Central schemes on overlapping cells

Nessyahu and Tadmor's central scheme [J. Comput. Phys. 87 (1990)] has the benefit of not using Riemann solvers for solving hyperbolic conservation laws. But the staggered averaging causes large dissipation when the time step size is small compared to the mesh size. The recent work of Kurganov and Tadmor [J. Comput. Phys. 160 (2000)] overcomes this problem by using a variable control volume and results in semi-discrete and fully discrete non-staggered schemes.

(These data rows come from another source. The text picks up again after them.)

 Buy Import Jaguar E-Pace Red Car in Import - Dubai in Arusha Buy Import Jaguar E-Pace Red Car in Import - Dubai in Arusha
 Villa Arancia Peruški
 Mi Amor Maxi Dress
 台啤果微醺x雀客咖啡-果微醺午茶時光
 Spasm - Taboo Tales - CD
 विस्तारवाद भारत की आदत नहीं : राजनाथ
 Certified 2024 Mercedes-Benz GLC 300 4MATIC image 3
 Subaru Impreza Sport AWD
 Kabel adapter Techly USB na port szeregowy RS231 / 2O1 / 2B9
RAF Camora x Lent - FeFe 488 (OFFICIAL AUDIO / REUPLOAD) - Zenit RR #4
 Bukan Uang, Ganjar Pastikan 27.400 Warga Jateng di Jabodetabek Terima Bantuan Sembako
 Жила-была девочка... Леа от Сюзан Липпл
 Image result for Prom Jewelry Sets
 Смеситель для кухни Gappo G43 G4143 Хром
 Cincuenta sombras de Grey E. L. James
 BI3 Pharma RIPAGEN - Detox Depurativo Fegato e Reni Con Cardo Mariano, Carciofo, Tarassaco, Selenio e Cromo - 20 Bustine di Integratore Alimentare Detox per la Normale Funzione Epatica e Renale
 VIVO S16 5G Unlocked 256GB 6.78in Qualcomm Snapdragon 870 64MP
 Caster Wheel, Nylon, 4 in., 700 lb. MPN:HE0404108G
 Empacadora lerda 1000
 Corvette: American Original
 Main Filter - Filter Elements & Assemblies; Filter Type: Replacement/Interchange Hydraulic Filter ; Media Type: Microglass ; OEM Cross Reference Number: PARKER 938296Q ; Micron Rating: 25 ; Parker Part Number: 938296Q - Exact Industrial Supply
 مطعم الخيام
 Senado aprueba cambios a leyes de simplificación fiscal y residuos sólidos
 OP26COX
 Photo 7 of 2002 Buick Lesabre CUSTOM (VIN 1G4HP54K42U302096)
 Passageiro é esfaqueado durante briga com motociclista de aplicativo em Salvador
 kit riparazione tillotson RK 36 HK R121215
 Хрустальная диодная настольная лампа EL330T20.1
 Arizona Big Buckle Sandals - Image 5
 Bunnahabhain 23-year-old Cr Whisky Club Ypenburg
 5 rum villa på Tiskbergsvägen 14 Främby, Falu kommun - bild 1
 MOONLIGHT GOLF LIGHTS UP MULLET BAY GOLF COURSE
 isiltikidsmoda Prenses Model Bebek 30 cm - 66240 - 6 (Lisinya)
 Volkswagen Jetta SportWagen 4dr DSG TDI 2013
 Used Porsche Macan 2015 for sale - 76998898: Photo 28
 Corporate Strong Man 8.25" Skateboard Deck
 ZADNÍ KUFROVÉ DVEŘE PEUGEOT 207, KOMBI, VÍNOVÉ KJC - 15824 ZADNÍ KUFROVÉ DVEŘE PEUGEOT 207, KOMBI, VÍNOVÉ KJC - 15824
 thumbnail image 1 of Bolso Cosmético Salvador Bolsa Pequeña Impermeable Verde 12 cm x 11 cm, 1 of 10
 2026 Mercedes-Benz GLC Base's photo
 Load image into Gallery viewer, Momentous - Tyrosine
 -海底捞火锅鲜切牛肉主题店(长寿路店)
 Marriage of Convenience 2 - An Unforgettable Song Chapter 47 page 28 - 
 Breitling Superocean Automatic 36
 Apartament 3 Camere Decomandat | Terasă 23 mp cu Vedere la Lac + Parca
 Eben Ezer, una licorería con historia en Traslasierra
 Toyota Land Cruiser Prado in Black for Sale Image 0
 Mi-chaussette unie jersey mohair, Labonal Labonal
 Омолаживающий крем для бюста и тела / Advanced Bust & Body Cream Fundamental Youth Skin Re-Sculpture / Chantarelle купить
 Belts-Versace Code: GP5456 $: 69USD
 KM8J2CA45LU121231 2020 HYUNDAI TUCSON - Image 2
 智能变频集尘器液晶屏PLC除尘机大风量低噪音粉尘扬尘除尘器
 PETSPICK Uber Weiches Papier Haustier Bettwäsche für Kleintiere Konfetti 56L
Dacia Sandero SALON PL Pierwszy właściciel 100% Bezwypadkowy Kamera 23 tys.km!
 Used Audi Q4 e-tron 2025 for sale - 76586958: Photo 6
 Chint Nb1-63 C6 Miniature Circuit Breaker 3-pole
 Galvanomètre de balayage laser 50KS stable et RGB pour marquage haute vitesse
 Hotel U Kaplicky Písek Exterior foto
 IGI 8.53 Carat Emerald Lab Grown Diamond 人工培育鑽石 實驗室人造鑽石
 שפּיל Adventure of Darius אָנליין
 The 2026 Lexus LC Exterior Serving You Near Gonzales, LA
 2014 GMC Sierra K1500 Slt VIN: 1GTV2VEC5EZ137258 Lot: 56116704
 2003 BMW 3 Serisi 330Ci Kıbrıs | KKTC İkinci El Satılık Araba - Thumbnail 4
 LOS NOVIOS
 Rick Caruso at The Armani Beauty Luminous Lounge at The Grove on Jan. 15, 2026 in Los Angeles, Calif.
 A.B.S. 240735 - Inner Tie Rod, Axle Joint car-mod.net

Motivated by this work, we introduce overlapping cell averages of the solution at the same discrete time level, and develop a simple alternative technique to control the O(1/Δt) dependence of the dissipation. The semi-discrete form of the central scheme can also be obtained to which the TVD Runge-Kutta time discretization methods of Shu and Osher [J. Comput. Phys. 77 (1988)] or other stable and sufficiently accurate ODE solvers can be applied. This technique is essentially independent of the reconstruction and the shape of the mesh. The overlapping cell representation of the solution also opens new possibilities for reconstructions. Generally speaking, more compact reconstruction can be achieved. In the following, schemes of up to fifth order in 1D and third order in 2D have been developed. We demonstrate through numerical examples that by combining two classes of the overlapping cells in the reconstruction we can achieve higher resolution.